The government also said it would pay the EPF contribution to company employees to help them recover from the virus crisis.
To ease financial stress as companies return to work, the government will continue to support EPFs for companies and workers for an additional three months, providing liquidity relief of Rs 2.5 billion. This will benefit 72.22 lakh employees.
“The government will pay the two-quarter EPF for companies with up to 100 employees and where 90 percent of the staff receives up to Rs 15,000 per month,” said Nirmala Sitharaman.

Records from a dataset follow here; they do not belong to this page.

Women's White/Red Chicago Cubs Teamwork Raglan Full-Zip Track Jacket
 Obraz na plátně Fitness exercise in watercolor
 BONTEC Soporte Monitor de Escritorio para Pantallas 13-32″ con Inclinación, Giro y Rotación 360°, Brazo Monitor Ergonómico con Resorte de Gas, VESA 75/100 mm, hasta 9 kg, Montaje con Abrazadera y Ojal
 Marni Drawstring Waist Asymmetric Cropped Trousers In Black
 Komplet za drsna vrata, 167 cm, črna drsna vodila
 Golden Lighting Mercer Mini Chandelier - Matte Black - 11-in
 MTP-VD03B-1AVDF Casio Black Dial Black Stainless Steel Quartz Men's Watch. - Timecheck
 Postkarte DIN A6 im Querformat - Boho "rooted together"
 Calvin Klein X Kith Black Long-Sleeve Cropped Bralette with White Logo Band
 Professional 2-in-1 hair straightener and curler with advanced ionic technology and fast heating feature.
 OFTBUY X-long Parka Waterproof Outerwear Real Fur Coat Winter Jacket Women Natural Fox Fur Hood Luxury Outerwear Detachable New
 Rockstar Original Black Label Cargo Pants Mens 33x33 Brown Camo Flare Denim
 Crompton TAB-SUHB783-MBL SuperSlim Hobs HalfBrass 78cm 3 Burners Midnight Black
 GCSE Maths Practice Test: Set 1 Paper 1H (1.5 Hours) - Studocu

This would help companies facing financial stress as they return to work, the government said. It would also increase the disposable income of employees.
The government had made payments of 12 percent from the employer and 12 percent of employee contributions to EPF accounts in March, April, and May.
This will extend for another three months to wages in June, July and August.
The purpose of a provident fund is to help employees save a percentage of their monthly salary. Under an employee provident fund scheme, an employee pays a certain contribution to the scheme and the employer pays an equal contribution. The employee receives a lump sum upon retirement.